Brief
Could you transcribe exactly the lines below, from the line with "Patent Leather Rhinestone" through the line with "World of Tanks", and nothing else, leaving out the pictures?

Records shown
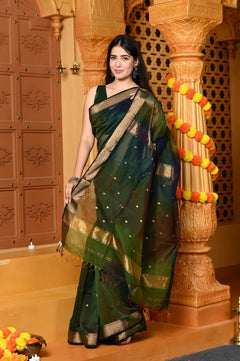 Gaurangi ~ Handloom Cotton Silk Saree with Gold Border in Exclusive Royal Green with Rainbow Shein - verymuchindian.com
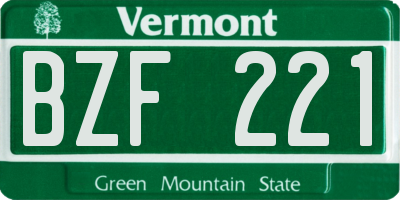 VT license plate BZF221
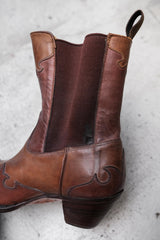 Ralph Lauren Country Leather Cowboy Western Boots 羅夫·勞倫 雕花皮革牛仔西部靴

--

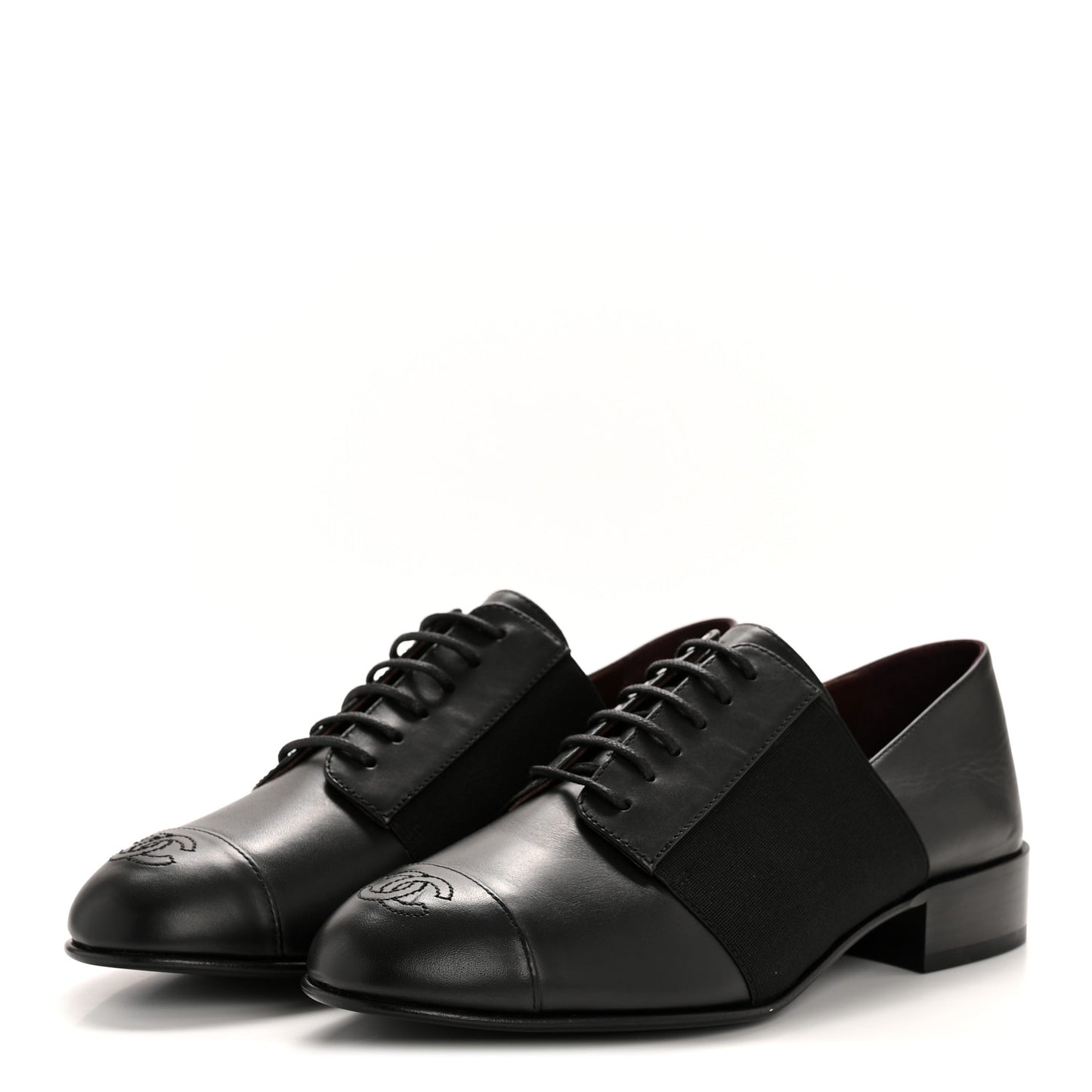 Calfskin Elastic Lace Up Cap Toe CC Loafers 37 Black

--

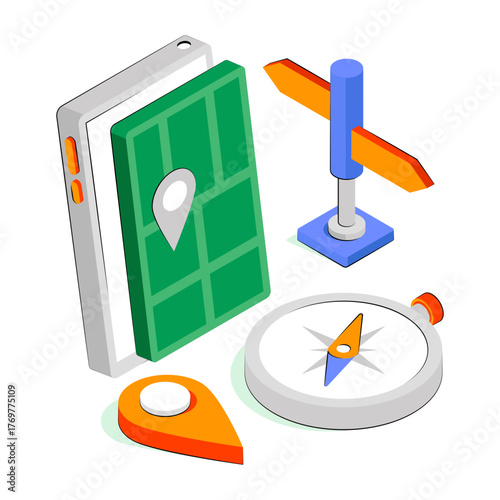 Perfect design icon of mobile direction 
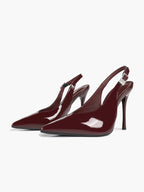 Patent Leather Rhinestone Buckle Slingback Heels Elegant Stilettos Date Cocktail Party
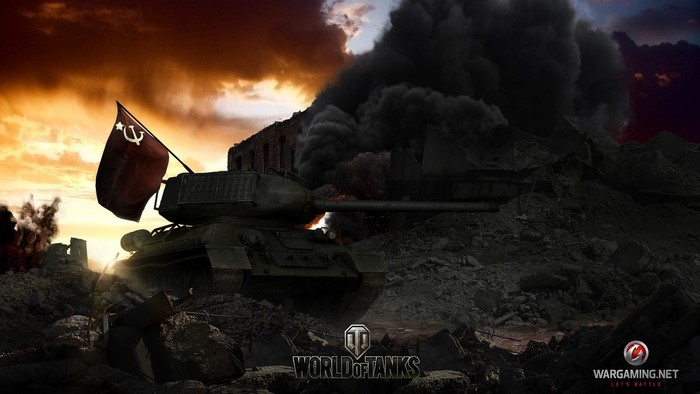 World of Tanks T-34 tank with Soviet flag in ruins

Task answer
 Patent Leather Rhinestone Buckle Slingback Heels Elegant Stilettos Date Cocktail Party
 World of Tanks T-34 tank with Soviet flag in ruins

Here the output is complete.